Future of Learning in Computer Science

The FOLCS lab is an interdisciplinary research and innovation lab working to explore the future of teaching and learning in the computer science field.
This lab brings together a group of researchers, educators, designers and edtech developers with a common interest in advancing computer science education. We aim to design high quality and inclusive tools, architectures and models to make computer science learning more accessible to all. We work with interdisciplinary and international teams enabling innovative and actionable research.



Our team focuses on:

  1. Evidence-based learning experiments for CS education. We teach computer science online but do people learn? We will evaluate the integration of new learning tools. We work with pre/post tests and we develop analytical tools and dashboards to measure and monitor learning. 
  2. Cognitive science. Does learning how to program promote the development of higher cognitive skills or the transfer across knowledge domains: abstract thinking, problem solving, reasoning, designing, planning, and algorithmic thinking? How do we measure those higher level skills, such as procedural thinking, conditional reasoning, mathematical ability, and memory capacity? 
  3. System architectures for better scalability, interoperability, discoverability and traceability in learning. Use of standards, protocols and certification process. We design and prototype modular learning systems that scale massively by implementing self-healing, self-deploying, self-optimizing and self-protecting architectures. We aim to create learning services ecosystem models. We explore open protocols, standards and formats that enable learning resources reuse and intellectual property traceability and we make sure to be involved in a certification process for our tools (with the IMS Global Learning Consortium).  
  4. Training CS educators at scale. How might we better train CS educators in order to scale-up programming teaching?
  5. Inclusive by design in CS education. How do we design learning experiences that promote diversity and inclusion for teachers and learners in the field of computer science?
  6. Better feedback with AI. Can artificial intelligence help us to provide relevant, instant, and personalized feedback in CS learning?
  7. Ethic by design in CS. While developing learning interfaces for CS, how to implement ethical frameworks and policy guidance for computer developers and computer scientists? 
  8. Teaching basic AI ethics for all. Design and develop teaching tools to foster the development of basic skills, useful to any citizen, to use critical thinking around algorithms and artificial intelligence. 

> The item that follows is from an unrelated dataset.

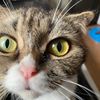 babycat22
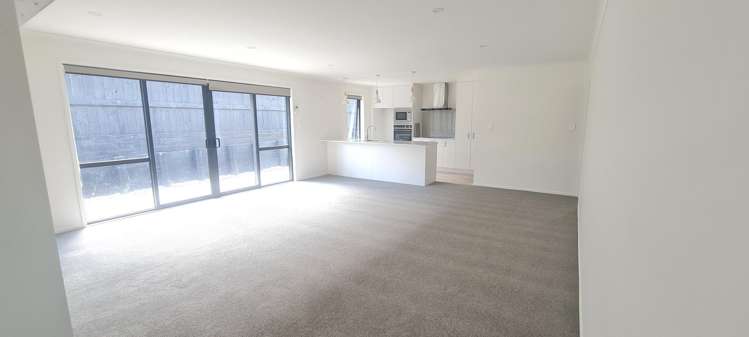 93 Cobham Drive Morrinsville_1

  • (cf 1, 2) There is a huge need for cutting-edge technologies to learn CS. Even when new tools to teach and learn how to program are being integrated, there is a lack of evaluation of their efficiency.
  • (cf 3) Existing LMS often come with integrated content creation editors that produce learning resources that are not interoperable with other LMS, and not indexable by search engines. It makes it difficult to reuse learning resources. Content reuse addresses the problem of duplicability and traceability: solutions need to be found to respect the attributions in terms of IP,  hosting, compensation for authors (business models)… 
  • (cf 6) How to grade computer programming skills using machine learning? 
  • (cf 4, 5, 7, 8 ) Need for CS education policy and practice
    • How do we find enough teachers? What tools should we use? How should we scope and sequence CS curricula? What do teachers need to know to teach CS? How do they get trained?
    • What are the purposes of bringing computer science education to all students? Why is CS ed important? How will it improve the future of the next generations?